Thursday, August 24, 2006

Uncle Sam says "you may not come quietly"?

According to the papers today, even if you want to voluntarily face charges in the US you must be extradited in manacles. That is the fate of Jeremy Crook, the former European vice president of U.S. software firm Peregrine Systems, who has requested his passport from the Home Office so that he can travel to California voluntarily for the bail hearing in a serious fraud case.

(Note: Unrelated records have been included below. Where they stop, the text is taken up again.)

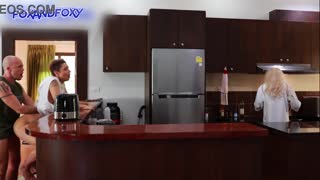 Almost caught surprise anal creampie during risky ass fuck nearby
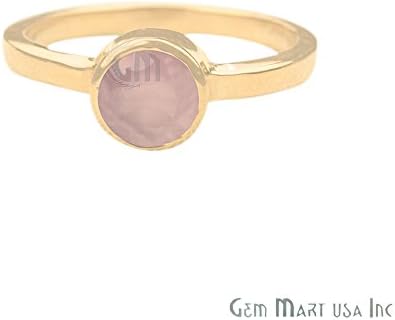 24k Gold Plated Rose Chalcedony Single Stone Solitaire Gemstone Ring, Choose Ring Size(GPRC-12007) (8 US/Canada)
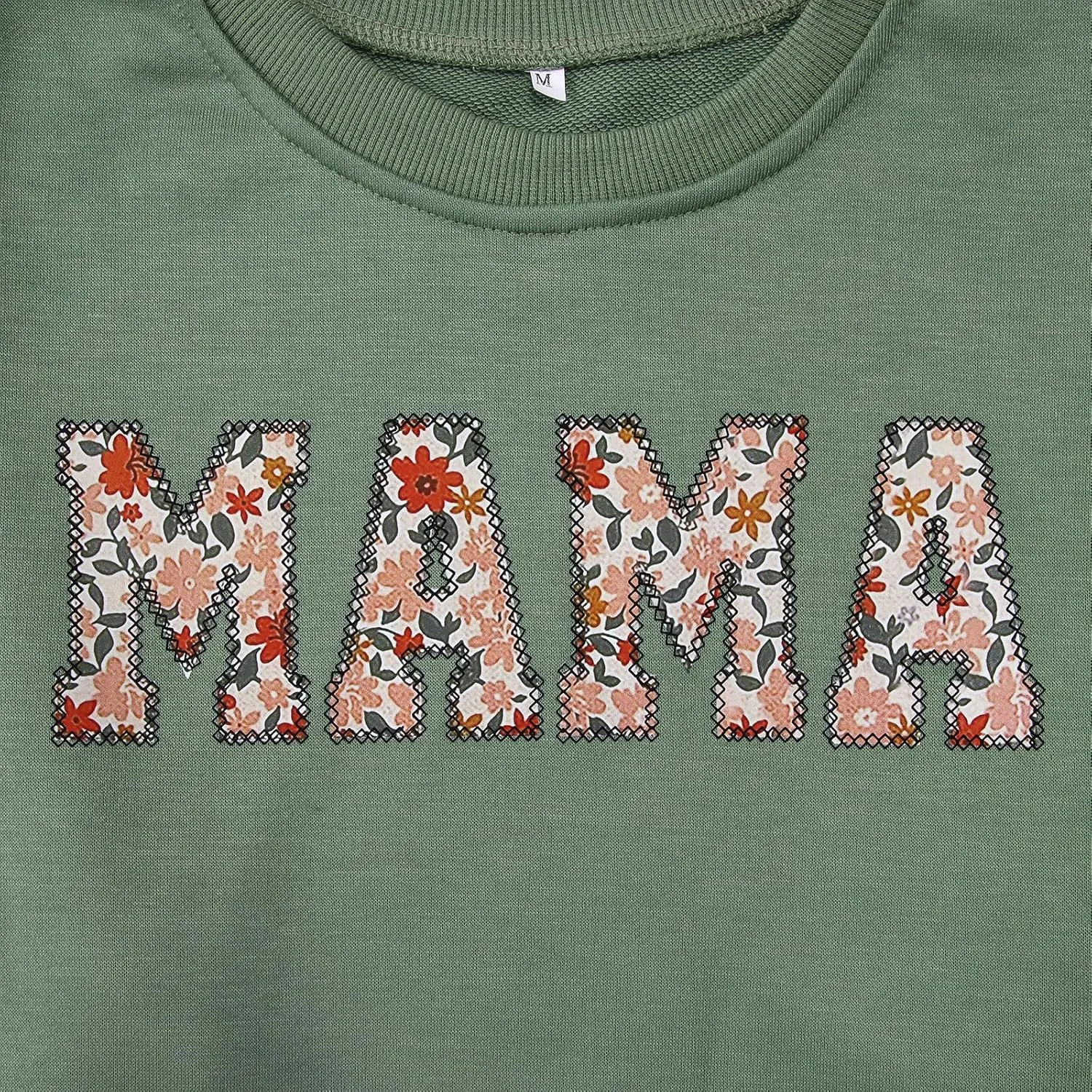 BOUTIKOME Mama Sweatshirt Women Funny Mama Letter Print Graphic Mom Life Long Sleeve Crewneck Pullover Shirt Loose Tops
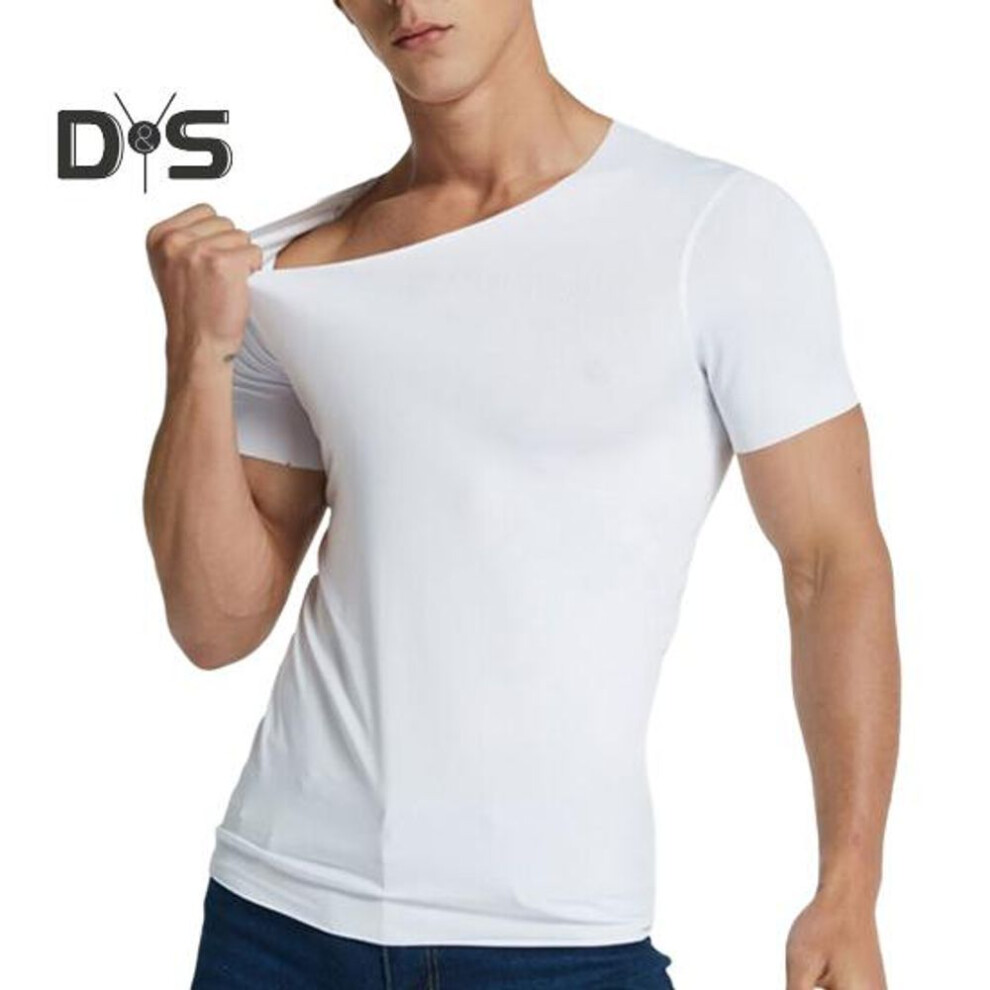 (white, XL) Men's Ice Silk T-shirts Casual Short Sleeve Sports Tee Summer Breathable Moisture V-neck Undershirt Top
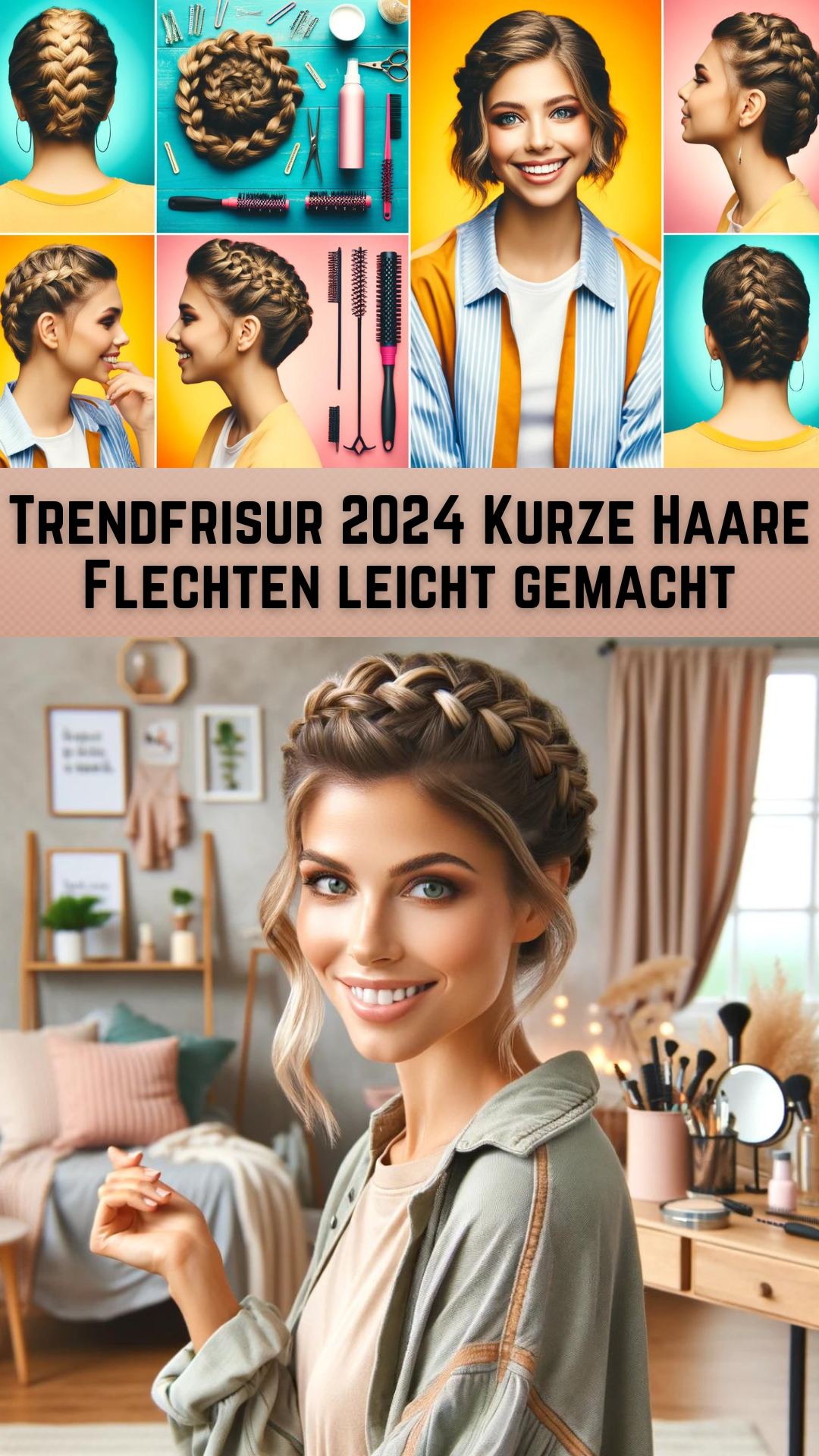 Trendfrisur 2024 Kurze Haare Flechten leicht gemacht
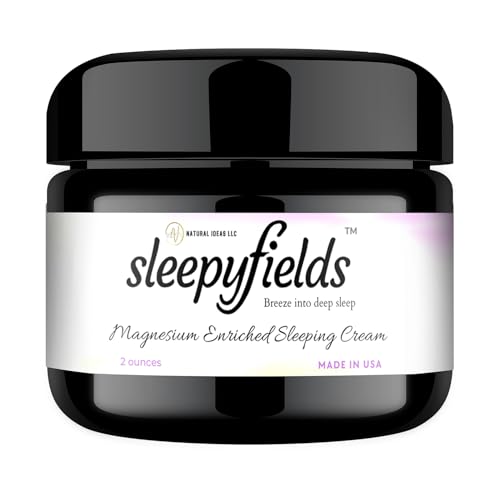 SLEEPY FIELDS Unscented Magnesium-Enhanced Sleep Cream - Nighttime Moisturizing Cream for Pain Calm, Leg Cramps, Sleep & Muscle Soreness - Fast Absorbing, Non-Greasy, Made in USA - 2 oz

Crook chose not to contest the extradition process and instead wished to go voluntarily int he hope that being cooperative with investigating authorities would help his case. This is hwoever apparently not the case. The US has said that he must be extradited and transported to the US accompanied by US Marshalls in a way that a jury could quite easily perceive as someone resisting arrest. As Mr Crook todl the Telegraph, "I really have to be seen to be co-operating with the US. But the only chance I have had to co-operate has been removed". Besides refusing to give Mr Crooks his passport with restrictions on travel to the US only, the Home Office appears unwilling to comment on the matter.

As such, Mr Crooks it seems is now set to face the same fate as the Natwest Three and be swallowed up by the US system. Perhaps one good thing that might come out of this is that the papers will start talking about the Natwest Three again, remember them? Since they were hauled off to the US on charges that they defrauded Natwest Bank (even though Natwest Bank say they didn't), they have become a bit like the disappeared of Ulster, out of sight, out of mind I guess. For anyone mildly interested, they're now not only facing criminal charges but civil ones as well whilst they are held in a Texan jail.

Over on ConservativeHome there is currently a camapign to find 100 policy ideas for the Conservative Party in the future. Perhaps renegotiation of our extradition agreements with the USA should be one of them?